**What the exercise asks**
Copy out the data word for word. The images are not part of the copy.

**Data supplied**
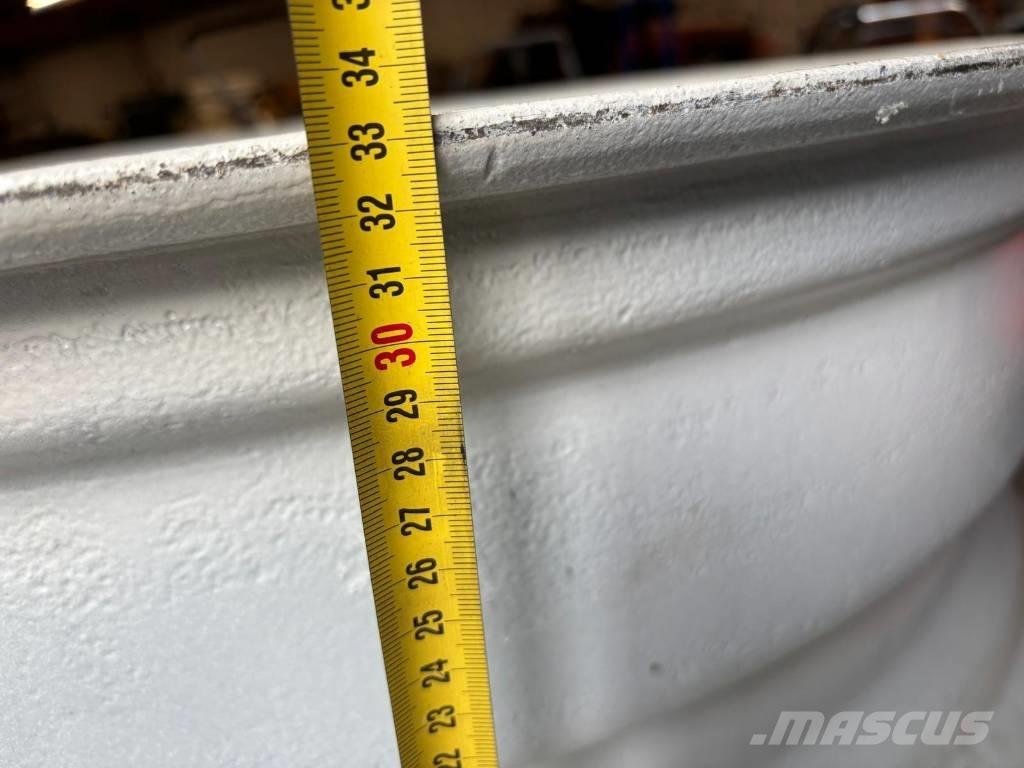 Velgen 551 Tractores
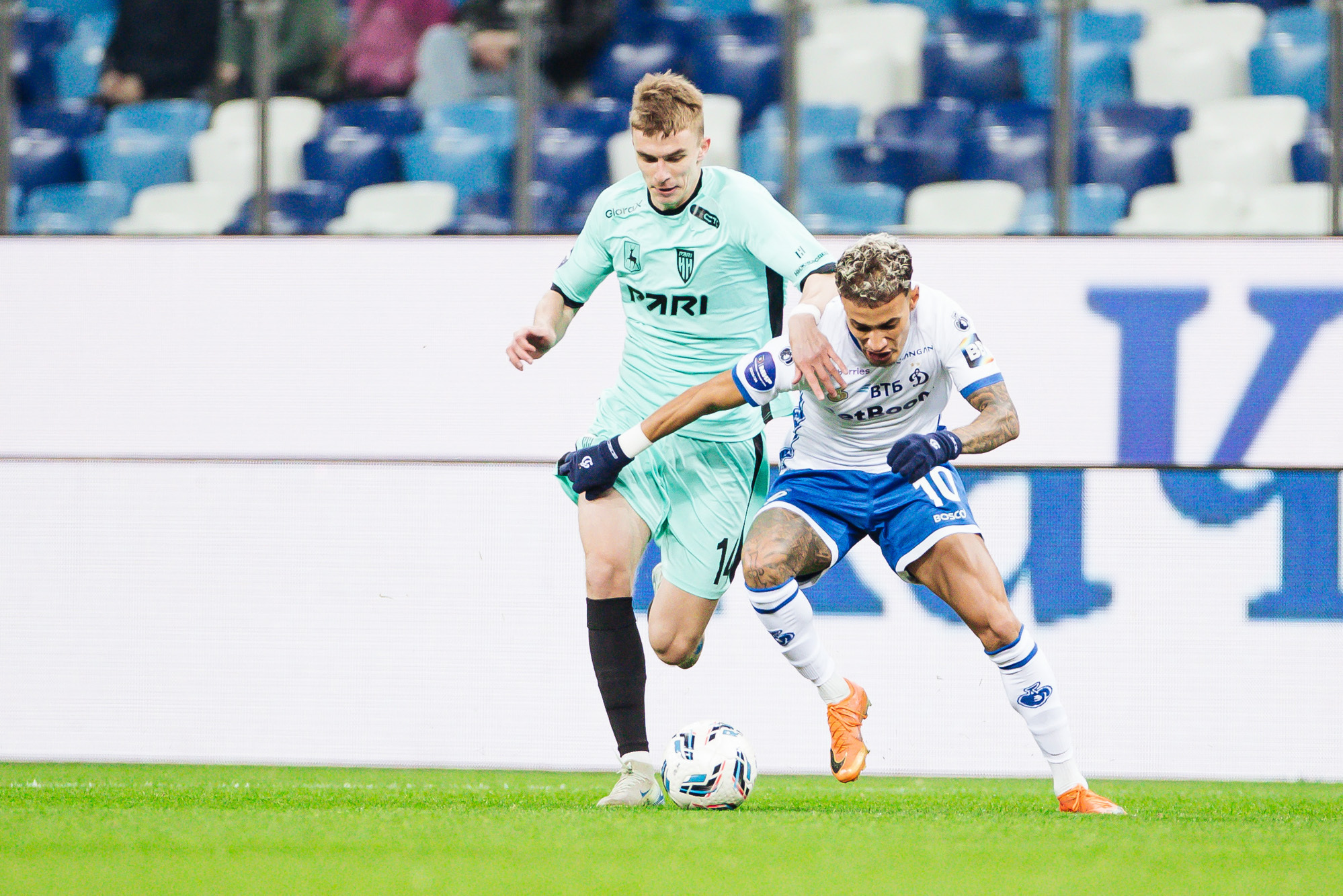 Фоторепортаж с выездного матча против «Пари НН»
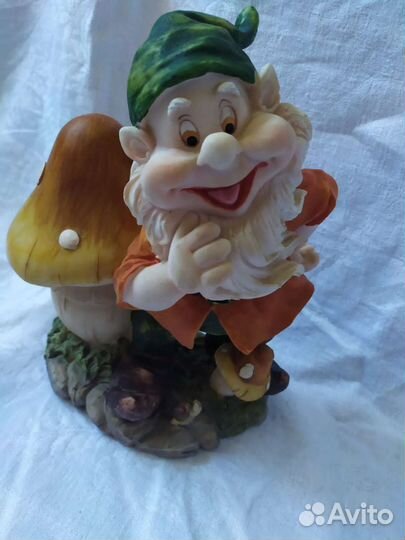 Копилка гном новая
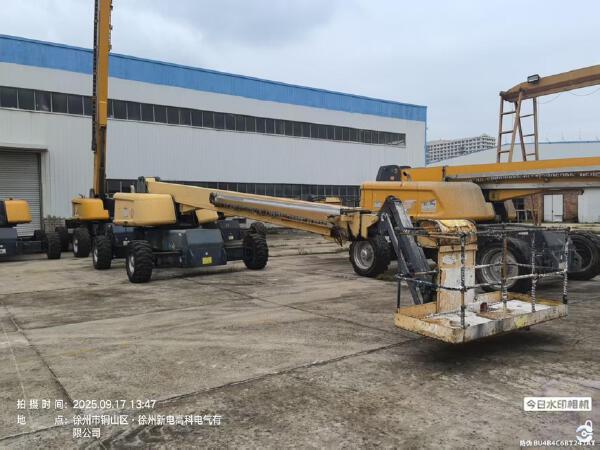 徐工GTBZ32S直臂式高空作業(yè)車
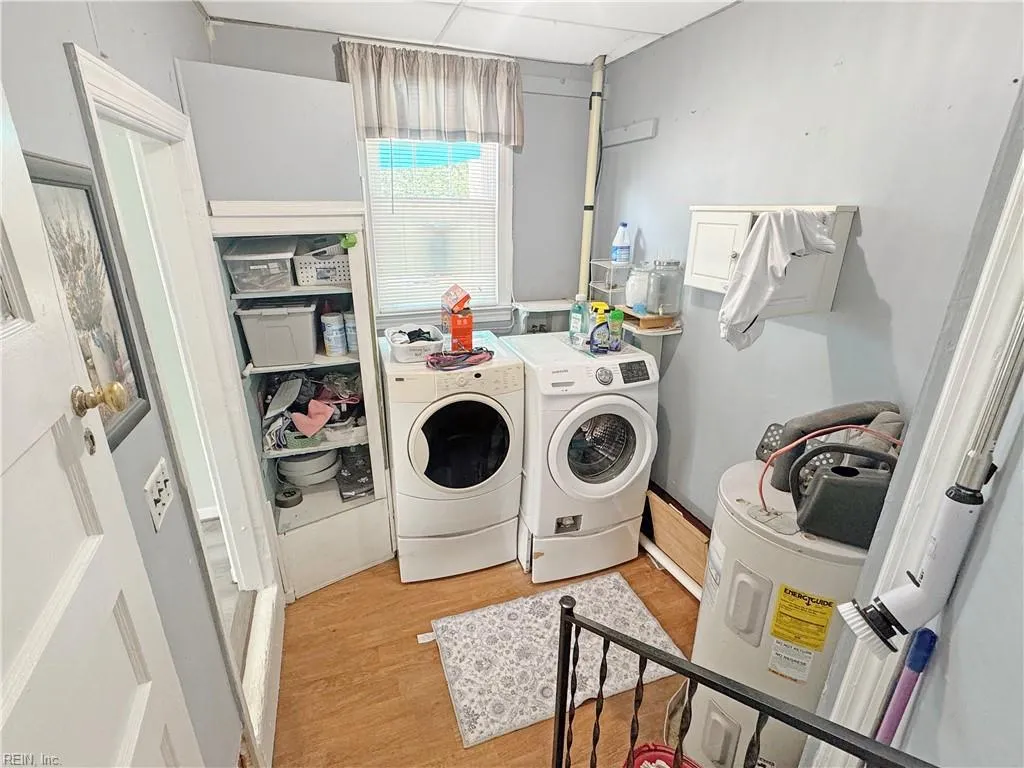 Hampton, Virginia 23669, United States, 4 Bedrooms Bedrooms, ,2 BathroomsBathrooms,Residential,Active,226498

**Solution**
 Velgen 551 Tractores
 Фоторепортаж с выездного матча против «Пари НН»
 Копилка гном новая
 徐工GTBZ32S直臂式高空作業(yè)車
 Hampton, Virginia 23669, United States, 4 Bedrooms Bedrooms, ,2 BathroomsBathrooms,Residential,Active,226498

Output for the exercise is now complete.